Thai half-breeds - look kreung in the local vernacular - are a potential threat to foreign migrant labourers such as myself.
Thais born to foreign parents have a distinctive look. They also tend to have good English language skills.
Like most foreigners working in Thailand, I am employed for my native English skills. Some employers hire foreigners no matter what their background or experience, as long as they have English.
My company is guilty of that sin occasionally, but on the whole tries to hire people with relevant experience and qualifications, like me.
It is obliged to do so under the labour law, but that is almost beside the point. This is Thailand, after all.
Employing foreigners involves paperwork and expense. If my company could find fluent English speakers among Thais, it would not need me.
That is why I regard the presence of look kreung in the office as a potential threat. I don't want one to supplant my job one day because he happens to have been educated overseas.
I am not privy to this company's employment strategy. Beyond the small corner of the huge open-space office which I occupy, I know little of what is going on. But I have noticed more young Thai look kreung wandering into my ambit of vision.
I saw one just now, dressed in scruffy jeans and a dark patterned shirt. 'You know what's going to happen on Monday,' he said in a broad American-accented drawl.
He was talking to a Thai guy in his 20s who wears a telephone earpiece all day. At any moment, he can start talking to himself, as he sits in front of his computer. That's what it looks like, anyway.
This young man gets many visits from look kreung staff, perhaps because they work in the same specialist area.
They do creative, design-oriented tasks. As a mere migrant labourer, I just fix people's English.
No look kreung have yet penetrated my department, perhaps because fixing English is not seen as glamorous enough.
Some look kreung have lousy Thai, maybe because they spent too long overseas, or lost interest in their language while they were there. They insert so many English words into their Thai that they may as well make the change to talking wholly in English.
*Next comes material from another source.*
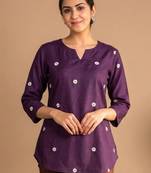 Women floral embroidered kurta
Do employers consider this lack of Thai fluency a drawback among look kreung? I have no idea.
If they work together, and have limited contact with Thai-speaking staff, then possibly not.
If they work together, and have limited contact with Thai-speaking staff, then possibly not.
I suspect they are paid more than ordinary Thais without their English language skills, but less than foreign workers for whom English is their native tongue.
If the company could find more of them to hire, I am sure it would. I cannot assume that my skills will be needed forever.